As stated before, I'll clarify the "deprecation" term mentioned in Wikitech for the various revscoring-based models, but it is not something that is related to the Lift Wing migration (since all models present on ORES are also on Lift Wing). It is a long term and wider project that will happen over the upcoming months/years, and that requires a broader discussion.

This is why I propose to discuss models on Phabricator, rather than Wikitech-l :)
 
On the long run, I believe an unique model good enough can be developed for revert bots. However, it would be great if there were some clear quality criteria that the community can verify and the old models are maintained for a wiki until we are sure the new model passes that criteria on that wiki.

Definitely, I just want to make it clear that the ML team has no intention to force any choice to the community, we are just trying to optimize our infrastructure to serve a wide variety of models and in the process we have to choose the best strategy to follow.
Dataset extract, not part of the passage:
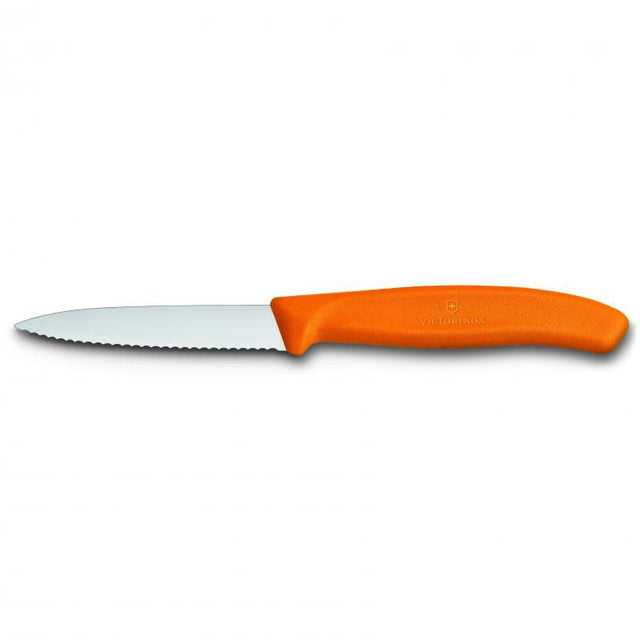 Victorinox Classic pointed tip wavy edge paring knife with 8cm blade and ergonomic orange handle for precise kitchen tasks.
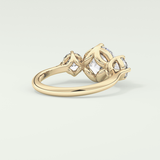 2.0 CT Round Cut Three Stone Lab Grown Diamond Engagement Ring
On Lift Wing we require that every new model has a model card that explains how it works, how it was trained, best use cases, etc.. For example, these are the API Portal's pages for the two Revert Risk models (they contain the link to model cards):
https://api.wikimedia.org/wiki/Lift_Wing_API/Reference/Get_reverted_risk_language_agnostic_prediction
https://api.wikimedia.org/wiki/Lift_Wing_API/Reference/Get_reverted_risk_multilingual_prediction
 
A change in hosting should not be the guiding force in any team's roadmap, but the needs of its users.

I hope that we (as ML) didn't describe our intentions in the wrong way, since our aim is absolutely not to impose anything, but to improve our infrastructure to better serve users in the future (WMF internal use cases and the community). ORES served us well over the years, it was a pioneering project on a topic, ML, that was only discussed in Research papers and some futuristic set of libraries at the time. Big players were already working on it internally, but there was no clear guidance or standards, and over the years stuff like MLOps formed and nowadays they are the de facto standard to operate. We are trying to follow those best practices, because we are convinced that they will surely improve and ease the process to build and publish a model at the WMF.
If you are curious, the ML team worked a lot on documentation, see https://wikitech.wikimedia.org/wiki/Machine_Learning/LiftWing. We tried as best as we could to make the transition smooth and to highlight new features and improvements for every user.

To summarize - we, as ML team, have created Lift Wing to serve the community and our internal use cases, and we wouldn't remove support or change dramatically how the community operates without a gradual migration path and proposing new solutions first. During the migration to Lift Wing we asked folks to test Revert Risk models, instead of goodfaith/damanging ones, and the solution seems to have suited a lot of use cases. Maybe in the future we'll have a mixture of specialized models for certain wikis, and more "multi-purpose" ones, but finding the right solution will surely involve community feedback and several tries.

Thanks for the feedback!

Luca